GPU acceleration in StatsPAI¶

TL;DR. As of v1.14, three workloads in StatsPAI route to CUDA / TPU when an accelerator is available: (1) the neural causal estimators (sp.deepiv, sp.tarnet, sp.cfrnet, sp.dragonnet, sp.cevae) via PyTorch; (2) end-to-end OLS with HDFE via sp.fast.feols_jax; and (3) vmap'd bootstrap via sp.fast.feols_jax_bootstrap — the largest GPU win per line of user code.

Everything else in StatsPAI is CPU-only and intentionally so: most econometric estimators (DiD, IV, RD, synthetic control, fixest-style HDFE OLS, GMM) are dominated by combinatorial / memory-bound work where GPUs offer no speedup over a tuned Rust + Numba kernel.

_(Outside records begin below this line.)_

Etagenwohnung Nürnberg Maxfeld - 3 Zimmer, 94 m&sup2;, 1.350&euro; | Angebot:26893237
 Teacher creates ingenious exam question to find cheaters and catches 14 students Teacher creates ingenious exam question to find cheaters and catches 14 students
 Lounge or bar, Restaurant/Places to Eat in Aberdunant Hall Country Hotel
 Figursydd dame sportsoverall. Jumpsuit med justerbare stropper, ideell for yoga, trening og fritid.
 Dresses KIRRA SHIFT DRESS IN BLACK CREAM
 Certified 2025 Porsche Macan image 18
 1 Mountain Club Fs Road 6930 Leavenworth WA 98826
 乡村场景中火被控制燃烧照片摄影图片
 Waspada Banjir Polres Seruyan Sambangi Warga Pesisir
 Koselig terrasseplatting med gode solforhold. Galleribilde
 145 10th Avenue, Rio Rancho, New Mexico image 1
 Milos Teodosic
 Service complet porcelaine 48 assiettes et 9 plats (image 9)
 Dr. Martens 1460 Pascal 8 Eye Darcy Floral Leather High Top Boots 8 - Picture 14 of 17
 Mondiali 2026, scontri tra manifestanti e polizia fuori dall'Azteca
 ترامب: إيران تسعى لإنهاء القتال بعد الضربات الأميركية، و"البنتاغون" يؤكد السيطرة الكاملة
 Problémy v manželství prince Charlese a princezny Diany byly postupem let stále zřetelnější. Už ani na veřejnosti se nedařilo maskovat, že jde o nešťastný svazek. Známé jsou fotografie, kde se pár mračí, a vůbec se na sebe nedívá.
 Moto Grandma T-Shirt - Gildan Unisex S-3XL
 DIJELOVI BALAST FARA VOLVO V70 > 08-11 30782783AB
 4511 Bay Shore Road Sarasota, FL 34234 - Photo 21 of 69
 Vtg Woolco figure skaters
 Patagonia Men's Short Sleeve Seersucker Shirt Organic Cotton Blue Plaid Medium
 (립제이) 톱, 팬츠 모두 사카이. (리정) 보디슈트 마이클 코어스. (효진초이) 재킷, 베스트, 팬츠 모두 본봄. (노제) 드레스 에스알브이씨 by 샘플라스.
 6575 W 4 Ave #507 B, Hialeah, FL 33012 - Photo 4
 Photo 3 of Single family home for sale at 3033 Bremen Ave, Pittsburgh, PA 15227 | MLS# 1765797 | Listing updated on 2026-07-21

What is GPU-accelerated today?¶

Workload	Function	Backend	Activation
Neural causal: representation networks (TARNet / CFRNet / DragonNet / CEVAE)	`sp.tarnet` / `sp.cfrnet` / `sp.dragonnet` / `sp.cevae`	PyTorch	`STATSPAI_TORCH_DEVICE={cuda,mps,auto}` env var
Neural IV: Deep IV (Hartford et al. 2017)	`sp.deepiv`	PyTorch	same env var
HDFE demean (alternating projection)	`sp.fast.demean(backend="jax")`	JAX / XLA	install `jax[cuda]`
OLS / WLS with HDFE	`sp.fast.feols_jax`	JAX / XLA	install `jax[cuda]`
Bootstrap (pairs / cluster / wild / wild_cluster)	`sp.fast.feols_jax_bootstrap`	JAX / XLA `vmap`	install `jax[cuda]`

The CPU paths (sp.fast.demean, sp.fast.feols, sp.fast.fepois, sp.fast.boottest, sp.iv, sp.did, sp.rd, sp.synth, …) all remain the production defaults and ship without any accelerator dependency.

Why bootstrap is the headline GPU win¶

Single-shot OLS / WLS is dominated by host↔device transfer overhead on small-to-medium datasets — the actual QR factorisation is too cheap for GPU speedup to recover the wire cost.

Bootstrap inverts this: the same JIT-compiled WLS program is lifted to a jax.vmap batch primitive and runs B times in lock-step on the device. On CUDA / TPU this approaches B / utilisation × per-iteration time; on CPU JAX it's still ~equal to a numpy sequential bootstrap (JIT overhead amortises around B ≈ 100). The speedup curve crosses favourably very quickly.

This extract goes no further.